Nothing but the lines from the one containing "Le Moulin du" through the end of the data below should appear in the answer, each exact and free of pictures.

■ Available data ■
::::::::::
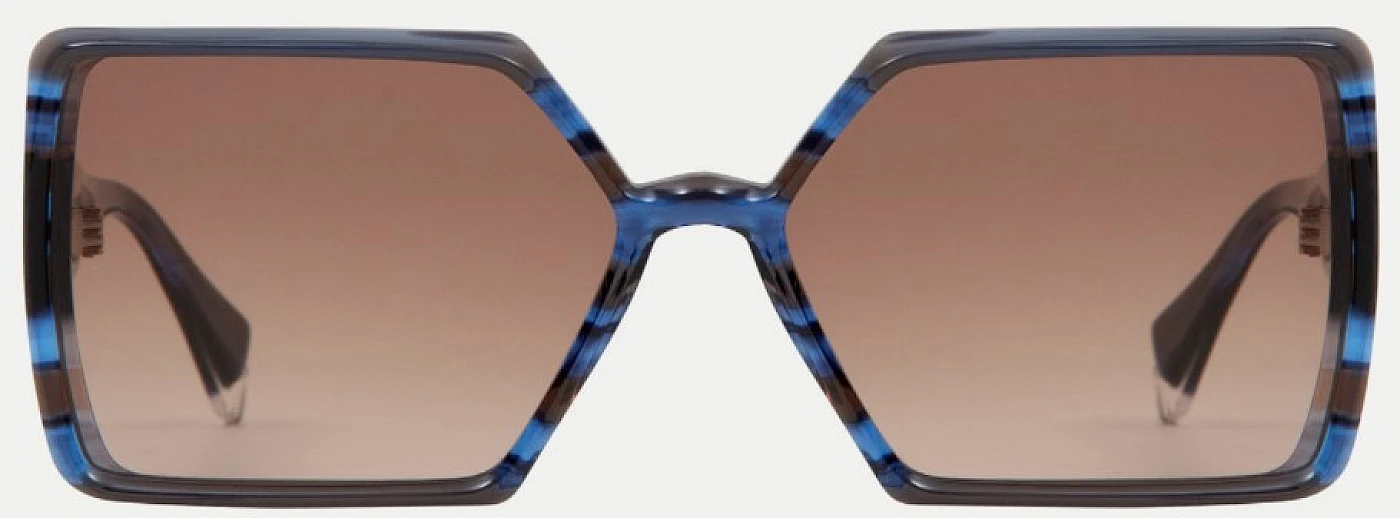 Женские солнцезащитные очки GIGIBARCELONA ARES Demi Blue & Brown фото 1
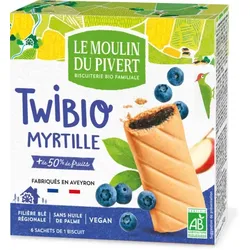 Le Moulin du Pivert Twibio Kekse mit Heidelbeerfüllung bio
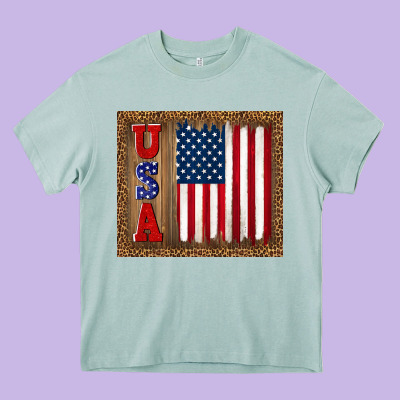 America Usa Flag Tumbler Heavy Core Tee Designed By Tumblerdesignbyshophia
::::::::::
■ Exercise answer ■
 Le Moulin du Pivert Twibio Kekse mit Heidelbeerfüllung bio
 America Usa Flag Tumbler Heavy Core Tee Designed By Tumblerdesignbyshophia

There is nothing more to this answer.